Orzechowski, Cohen, Young i Kaper - koncert niemagiczny

Autor: 
Maciej Karłowski
Autor zdjęcia: 
Krzysztof Machowina (slider)

Avishai Cohen nie jest w Polsce częstym gościem, choć jego październikowy pobyt, na zaproszenie Polin z okazji pierwszych urodzin stałej ekspozycji muzeum, nie był pierwszym w naszym kraju. Nie pierwszy raz też spotkał się z polskimi muzykami. Niektórzy pewnie pamiętają trasę koncertową i wspólne nagranie jakiego dokonał z zespołem gdańskiego gitarzysty i lidera Macieja Grzywacza.

Wówczas nie był jeszcze członkiem słynnego SF Jazz Collective, nie miał na koncie dwóch entuzjastycznie przyjętych albumów zespołu Triveni ani też planów na wydanie albumu w ECM (płyta ma się ukazać w przyszłym roku). Być może więc właśnie dlatego tamtejszy pobyt Cohena nie miał szansy być ogłaszany jako wielkie wydarzenie. Teraz, kiedy miał stanąć na dużej scenie Muzeum Historii Żydów Polskich Polin w towarzystwie dobrze znanego młodego pianisty Piotra Orzechowskiego i zagrać muzykę dwóch bardzo już słynnych twórców, Bronisława Kapera i Victora Younga, promocyjna tuba zagrzmiała szczególnie mocno. Na tyle mocno, że sala wypełniona była niemal po brzegi. Nie przeszkodził temu nawet informacyjny falstart w jednym z głównych dzienników naszego rynku, na łamach którego zrobiono z Avishaia Cohena – trębacza, Avishaia Cohena kontrabasistę. A może to właśnie ta pomyłka w wysokonakładowej prasie sprawiła, że publiczność tak bardzo dopisała?

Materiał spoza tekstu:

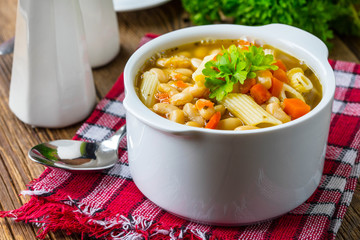 Bean soup with penne pasta.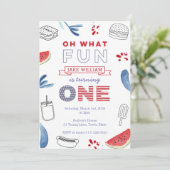 Oh, was Spaß, einer zu sein, Red White Blue 1. Geb Einladung (Stehend Vorderseite)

Tego się nie dowiemy, ale dowiedzieliśmy się za to co nieco o muzyce jaką duet postanowił zagrać. Ze sceny zabrzmiały słynne utwory m.in. „Stella By Starlight” i „On A Green Dolphin Street”, wszystkie zagrane bardzo grzecznie, chciałoby się powiedzieć tak bardzo normalnie, że uszy mogły wygodnie rozeprzeć się w fotelu, a oczy powyobrażać sobie trochę, jak to było fajnie kiedy Young i Kaper przechadzali się po warszawskich ulicach, jak uczyli się w ówczesnym Konserwatorium Muzycznym przemianowanym potem na Uniwersytet Muzyczny Fryderyka Chopina, a może też, jak razem chadzali razem do kawiarń na Nowym Świecie na czekoladę albo likier. Na pewno też grali muzykę Chopina, rozmarzył się pewnie niejeden uczestnik wczorajszego koncertu.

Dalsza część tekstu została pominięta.